Cass.Penale - II sezione - n. 21987/2019 del 20.05.2019
Con la sentenza n. 21987/2019 la Cassazione penale si sofferma sulla nozione di “domicilio informatico” precisando che è tale, anche in base a quanto statuito con la Raccomandazione del Consiglio d’Europa del 9/09/1989, quello “spazio ideale di esclusiva pertinenza di una persona fisica o giuridica, delimitabile prendendo come parametro il domicilio delle persone fisiche, ed al quale risulta estensibile la tutela della riservatezza della sfera individuale, che costituisce bene costituzionalmente protetto”.
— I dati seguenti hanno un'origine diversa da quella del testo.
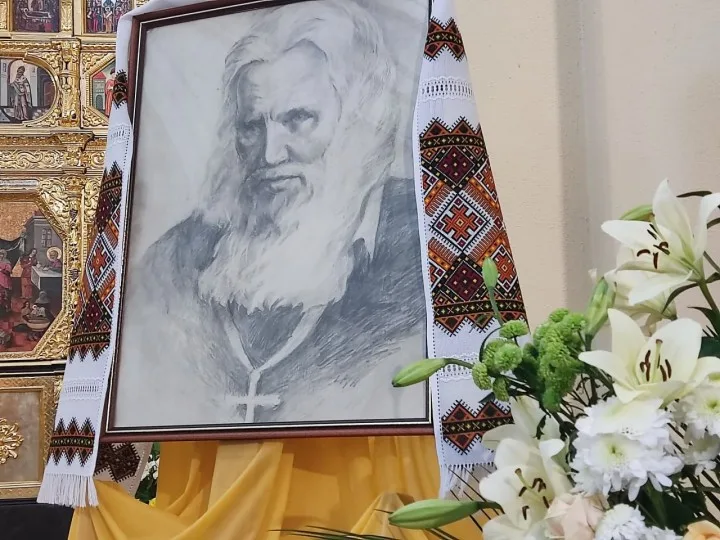У Перемишлі вірні молилися за прославу Слуги Божого Митрополита Андрея Шептицького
Oltre a ciò i giudici chiariscono “il delitto di detenzione e diffusione abusiva di codici di accesso a sistemi informatici o telematici , non concorre, bensì è assorbito nel più grave reato di accesso abusivo a sistema
informatico o telematico."
Nello specifico si evidenzia che che “il meno grave - quoad poenam - delitto di cui all’ art. 615 quater c.p. (Detenzione e diffusione abusiva di codici di accesso a sistemi informatici o telematici ) non può concorrere con quello, più grave, di cui all’ art. 615 ter c.p. (Accesso abusivo a sistema informatico o telematico) , del quale costituisce naturalisticamente un antecedente necessario, sempre che quest’ultimo sia contestato, procedibile ed integrato nel medesimo contesto spazio-temporale in cui fu perpetrato l’antefatto, ed in danno della medesima persona fisica (titolare del bene protetto).”
La pronuncia risulta interessante in quanto definisce la nozione di "domicilio informatico" e svolge un interessante excursus circa il concorso apparente di norme, soffermandosi in particolare sull’applicazione del principio di specialità ex art. 15 c.p.